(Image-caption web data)
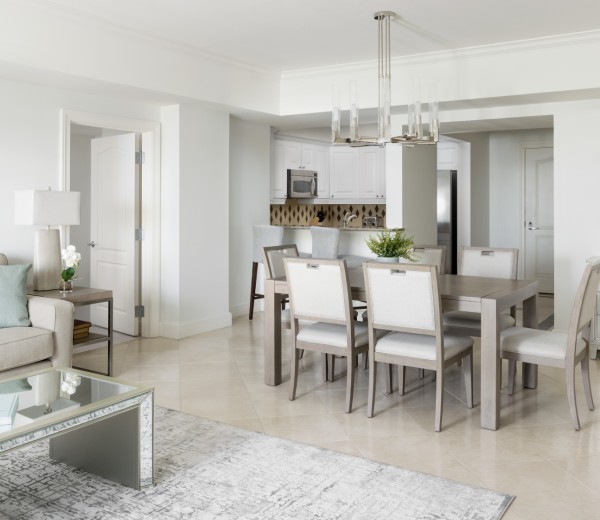 a dining room with a white table and chairs
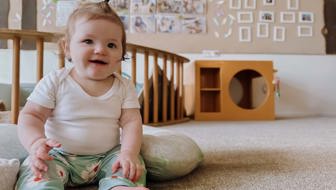 Evolve Education Baby girl sitting with pillow in nursery space at daycare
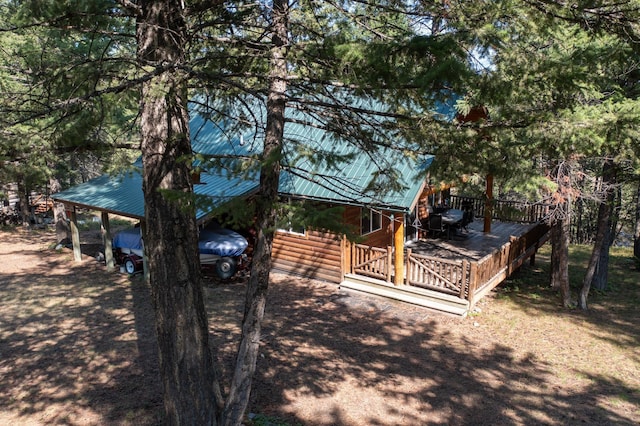 exterior space featuring a wooden deck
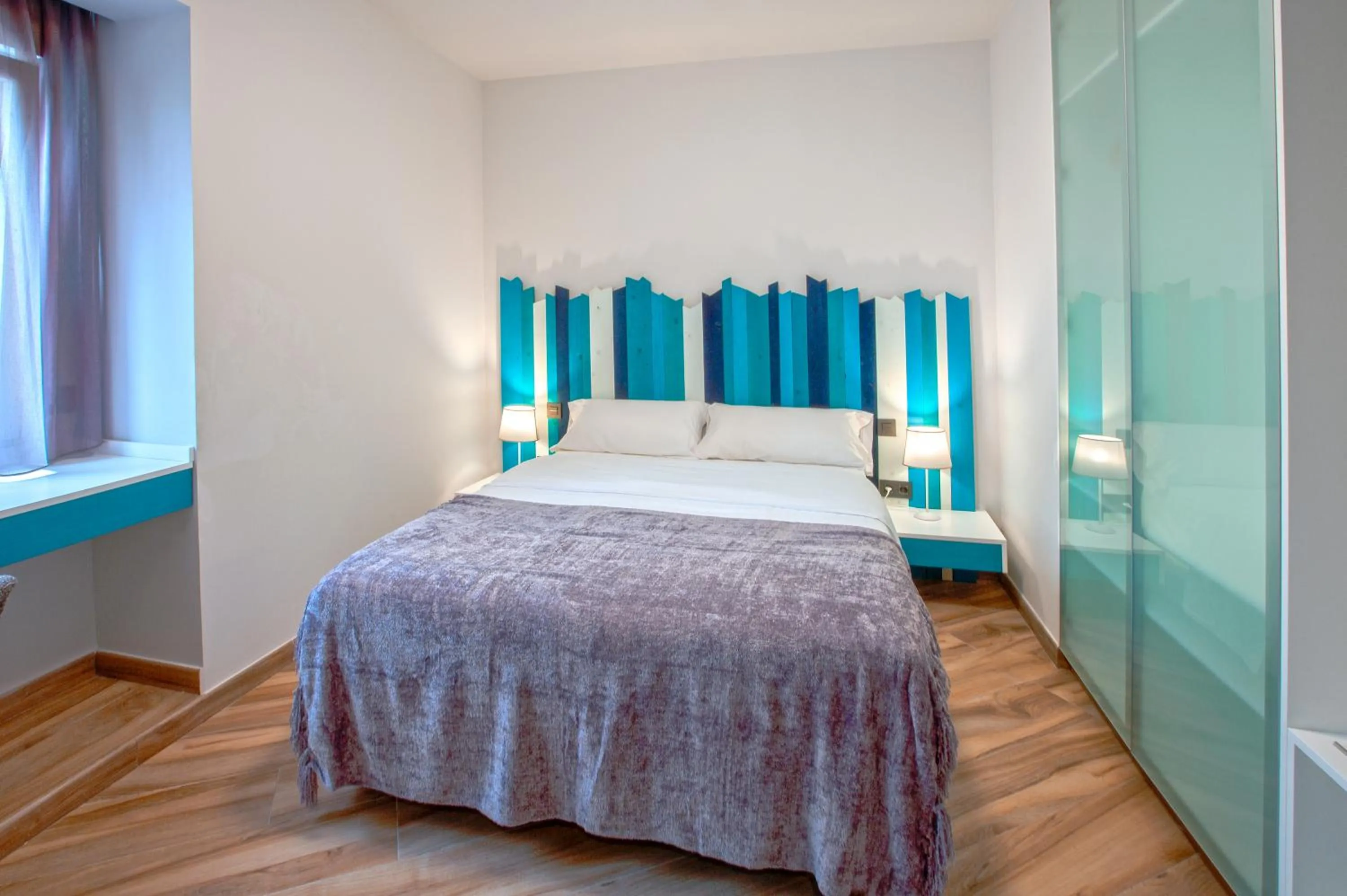 Bed in Gran Marina Suites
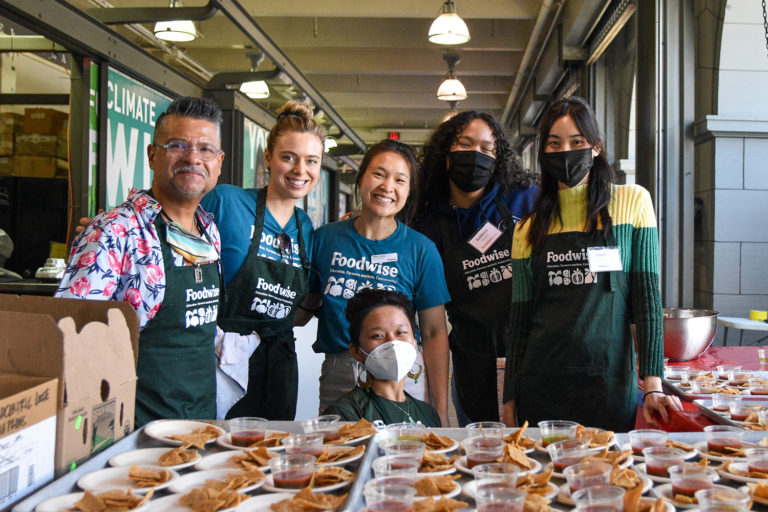 Foodwise staff and volunteers posing with Chef Rick Martinez at the Foodwise Kitchen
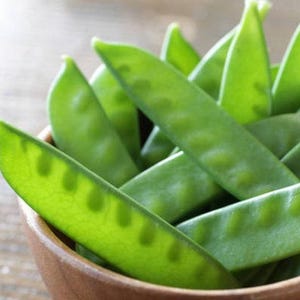 May include: A bowl filled with fresh, green snow peas. The peas are arranged in a cluster, with some overlapping.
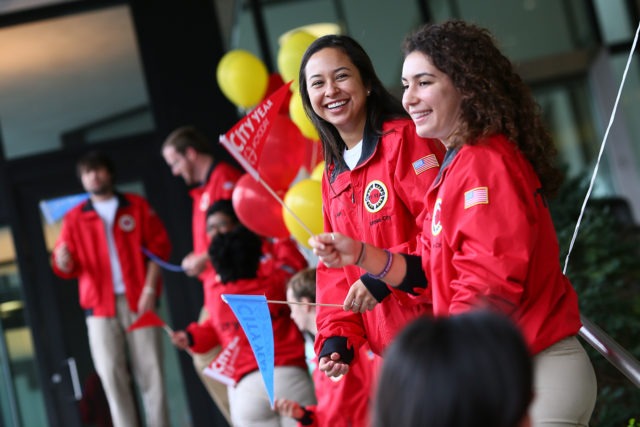 Group oif AmeriCorps members greeting with City Year flags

| HOW TO COMPLETE THIS TASK |
The result is an exact copy of the lines from the one holding "Evolve Education Baby" through the final line of the data above, both ends included, minus the pictures.

| ANSWER AREA |
 Evolve Education Baby girl sitting with pillow in nursery space at daycare
 exterior space featuring a wooden deck
 Bed in Gran Marina Suites
 Foodwise staff and volunteers posing with Chef Rick Martinez at the Foodwise Kitchen
 May include: A bowl filled with fresh, green snow peas. The peas are arranged in a cluster, with some overlapping.
 Group oif AmeriCorps members greeting with City Year flags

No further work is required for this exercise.